Hak
cipta ©Sulaiman Djaya
Di
kota Damas itu, sementara pasukan Siis tengah dalam perjalanan mereka menuju
negeri Suryan, Ilias dan Jenderal Reham mendapatkan informasi yang sangat
berharga dari salah-seorang intelijen negeri Suryan bahwa pasukan Siis pimpinan
Rakab itu juga disokong oleh Dagoner dari negeri Turik.
Berdasarkan
laporan intelijen yang memberikan informasi kepada Ilias dan Jenderal Reham
itu, Dagoner dari negeri Turik mendukung pasukan Siis karena ‘disuap’ oleh negeri
Amarik dengan bayaran yang cukup besar dan menggiurkan, juga mendapatkan
kompensasi dari negeri Najdan, dan negeri Asrail, sehingga markas pelatihan
pasukan Siis cadangan telah disiapkan di negeri Turik. Selain itu, Dagoner juga
memiliki kepentingan untuk memerangi bangsa Rudik ketika ia mendukung pasukan
Siis pimpinan Rakab yang bengis dan keji itu.
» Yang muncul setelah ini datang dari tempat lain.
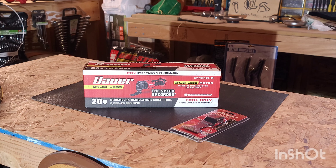Hey guys, got some breaking news, some great news — got the all new Bauer 20V Brushless Cordless Variable Speed Oscillating Multi-Tool.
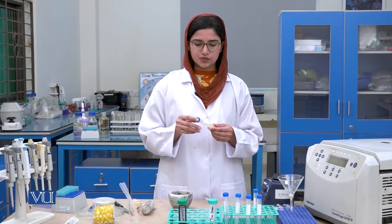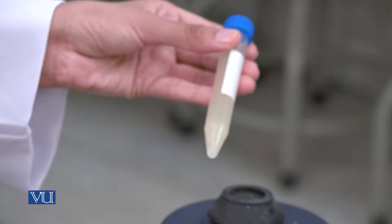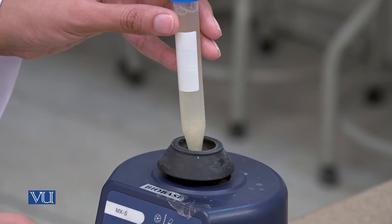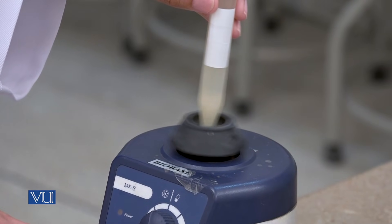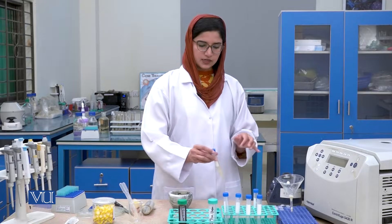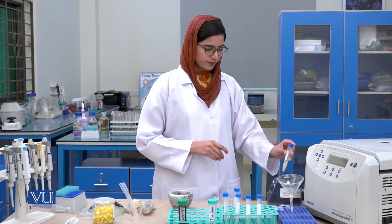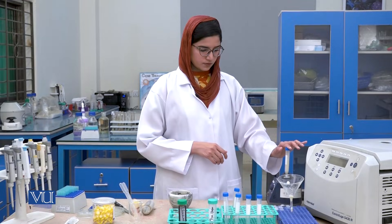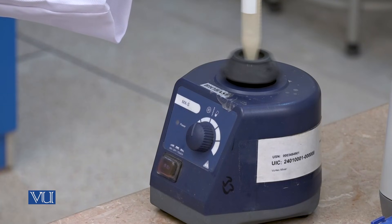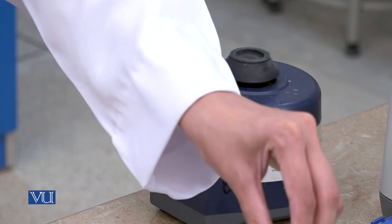After transferring the solution into the centrifuge tubes, we will vortex the solution with the help of a vortex mixer. Similarly, we will vortex the other centrifuge tube as well. After vortexing, we will turn off the vortex and proceed to the next step.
Sebab, bangsa Rudik memang
dikenal ‘bermusuhan’ secara politik dengan bangsa Turik untuk yang terbilang
lama hingga saat ini.
Ketika
mengetahui hal tersebut, Ilias pun mengirimkan utusan khusus untuk menyampaikan
informasi penting itu ke negeri Farsa, ke Jenderal Roshtam agar dikirim pasukan
khusus tambahan sebagai tindakan preventif alias jaga-jaga demi sekali
kemungkinan yang bisa saja terjadi tanpa terduga, setelah Ilias mendapatkan
persetujuan dari semua yang hadir dalam rapat rahasia di kota Damas di negeri
Suryan itu.
Rapat
rahasia dan terbatas di kota Damas itu pun berhasil memutuskan untuk mencegat
dan memberi kejutan demi menyambut kedatangan pasukan Siis pimpinan Rakab, yang
setiap pasukannya langsung dipimpin Jenderal Ilias dan Jenderal Reham sendiri.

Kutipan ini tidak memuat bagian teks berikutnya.